Our colleagues from the Iowa Women’s Archives at the University of Iowa just launched a new website that we’re very excited about!

Migration is Beautiful was unveiled last week at the 2016 League of United Latin American Citizens (LULAC) National Convention in Washington, D.C. Researchers can explore the story of Latinos in Iowa through an interactive map, individual profiles and a narrative history supported by digitized primary source documents.

Migration Is Beautiful portable exhibit - photo by Janet Weaver, Assistant Curator, Iowa Women's Archives

Migration Is Beautiful portable exhibit – photo by Janet Weaver, Assistant Curator, Iowa Women’s Archives

Look under “Topics” to read about and explore resources on local Mexican-American neighborhoods: Cook’s Point in the west end of Davenport, Holy City in Bettendorf and La Yarda in Silvis.

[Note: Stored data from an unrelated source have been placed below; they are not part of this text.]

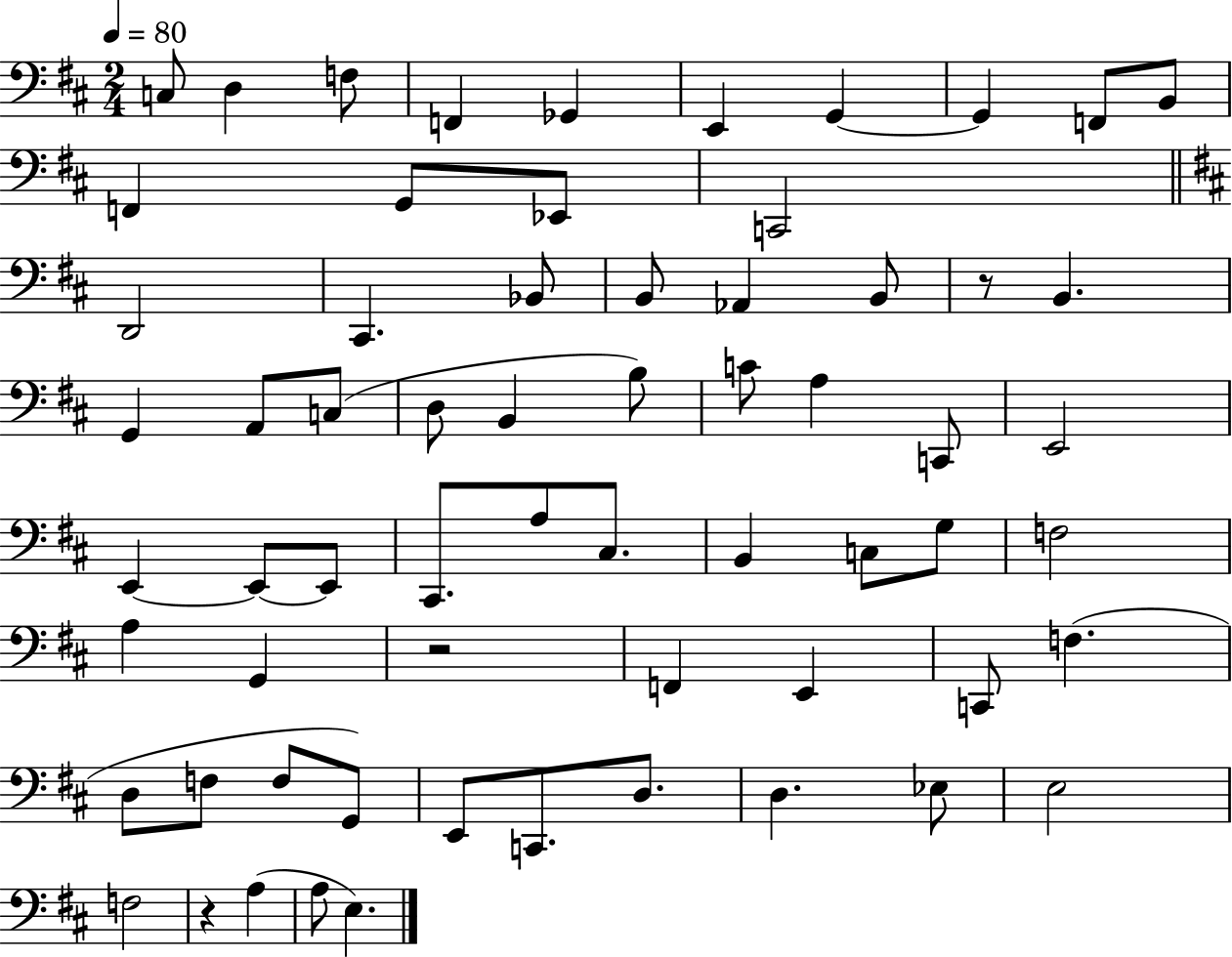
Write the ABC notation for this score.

X:1
T:Untitled
M:2/4
L:1/4
K:D
C,/2 D, F,/2 F,, _G,, E,, G,, G,, F,,/2 B,,/2 F,, G,,/2 _E,,/2 C,,2 D,,2 ^C,, _B,,/2 B,,/2 _A,, B,,/2 z/2 B,, G,, A,,/2 C,/2 D,/2 B,, B,/2 C/2 A, C,,/2 E,,2 E,, E,,/2 E,,/2 ^C,,/2 A,/2 ^C,/2 B,, C,/2 G,/2 F,2 A, G,, z2 F,, E,, C,,/2 F, D,/2 F,/2 F,/2 G,,/2 E,,/2 C,,/2 D,/2 D, _E,/2 E,2 F,2 z A, A,/2 E,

The People section has biographical information on Latinas and Latinos in Iowa, including many Quad Citizens. Each profile includes oral history interviews, family photographs and documents that have been donated to the Archive and digitized for this project.

Browse through all digital content under the Davenport (Iowa) tag to see photos, newspaper clippings and other documents in their collection that relate to this area. You can also browse through other subjects.

The website developed from their Mujeres Latinas Project, which has been collecting primary source materials about the history of Latinas and their families in Iowa. University of Iowa Libraries staff and UI graduate students conducted over 100 oral history interviews and the Archives received donations of letters, memoirs and photographs from people and organizations in the community.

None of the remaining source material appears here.